What you are asked to do -
Copy the data that follows exactly. Include no pictures.

Given information -
:::::

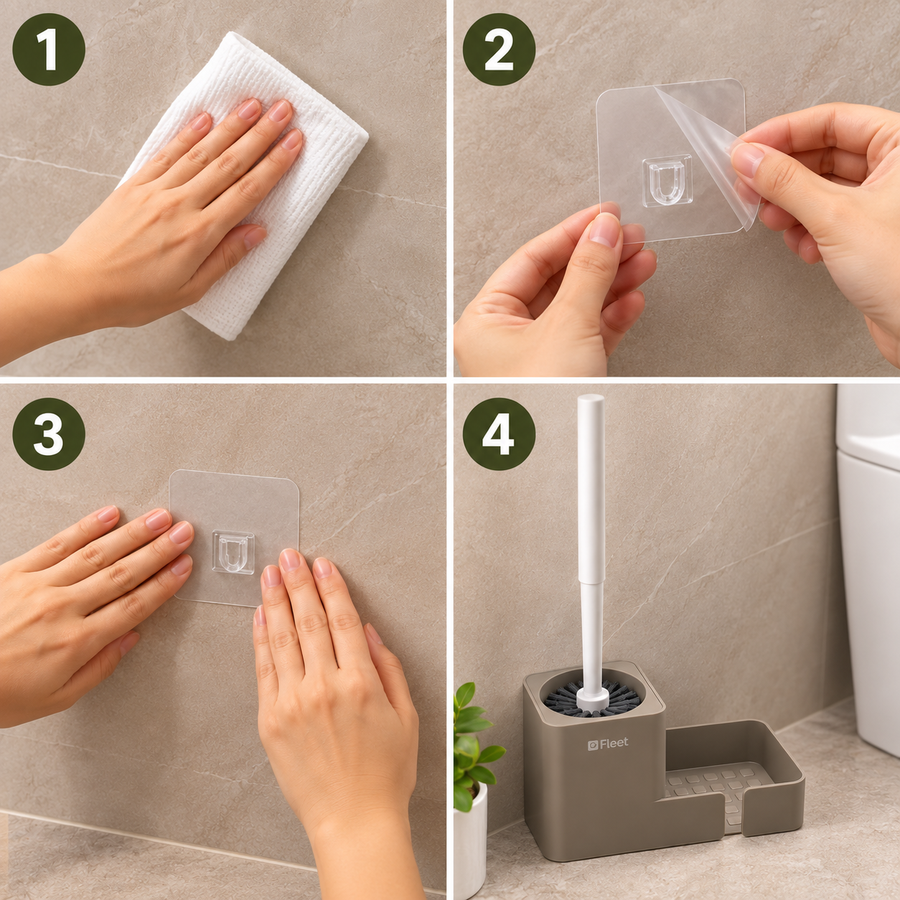 Wall Mounted Toilet Brush Set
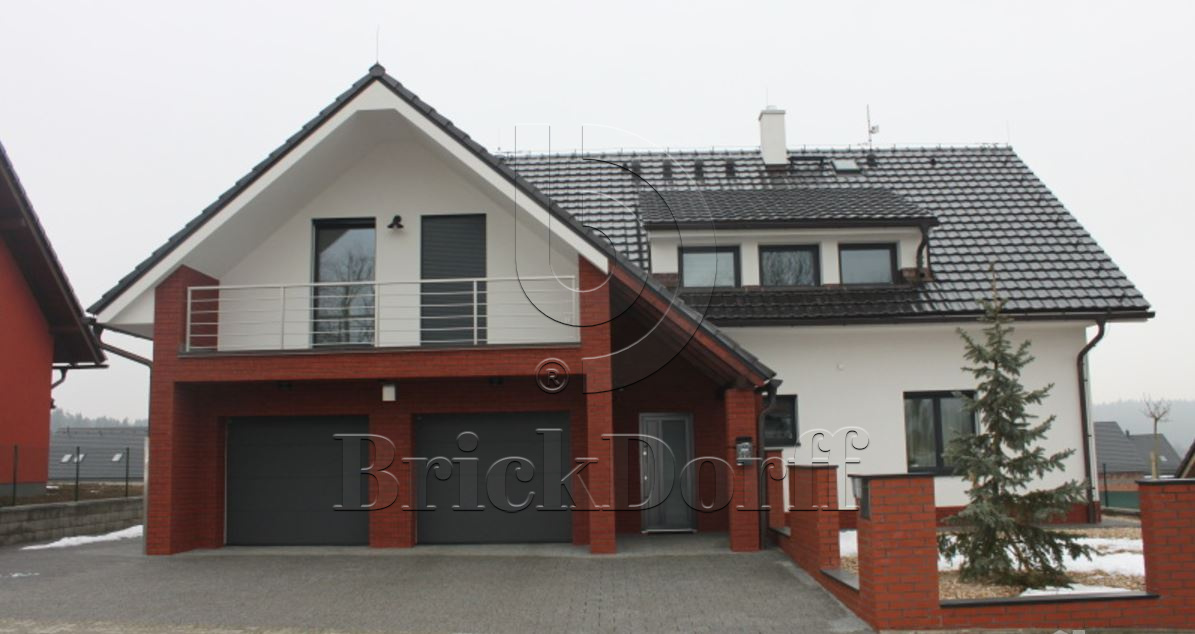 Клинкерная фасадная плитка облицовочная под кирпич Stroeher (Штроер) Zeitlos 356 erdfeuer рельефная NF14, 240*71*14 мм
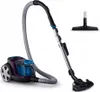 A Philips bagless vacuum cleaner with its accessories, shown against a white background. Produktbild-Vorschau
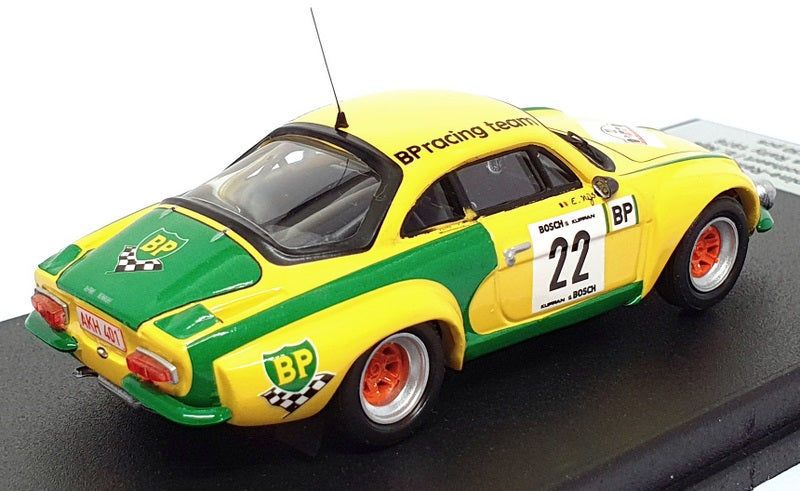 Trofeu 1/43 Scale RR.be 06 Alpine Renault A110 #22 Ypres Rally 1976 Yellow/Green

:::::

Solved problem -
 Wall Mounted Toilet Brush Set
 Клинкерная фасадная плитка облицовочная под кирпич Stroeher (Штроер) Zeitlos 356 erdfeuer рельефная NF14, 240*71*14 мм
 A Philips bagless vacuum cleaner with its accessories, shown against a white background. Produktbild-Vorschau
 Trofeu 1/43 Scale RR.be 06 Alpine Renault A110 #22 Ypres Rally 1976 Yellow/Green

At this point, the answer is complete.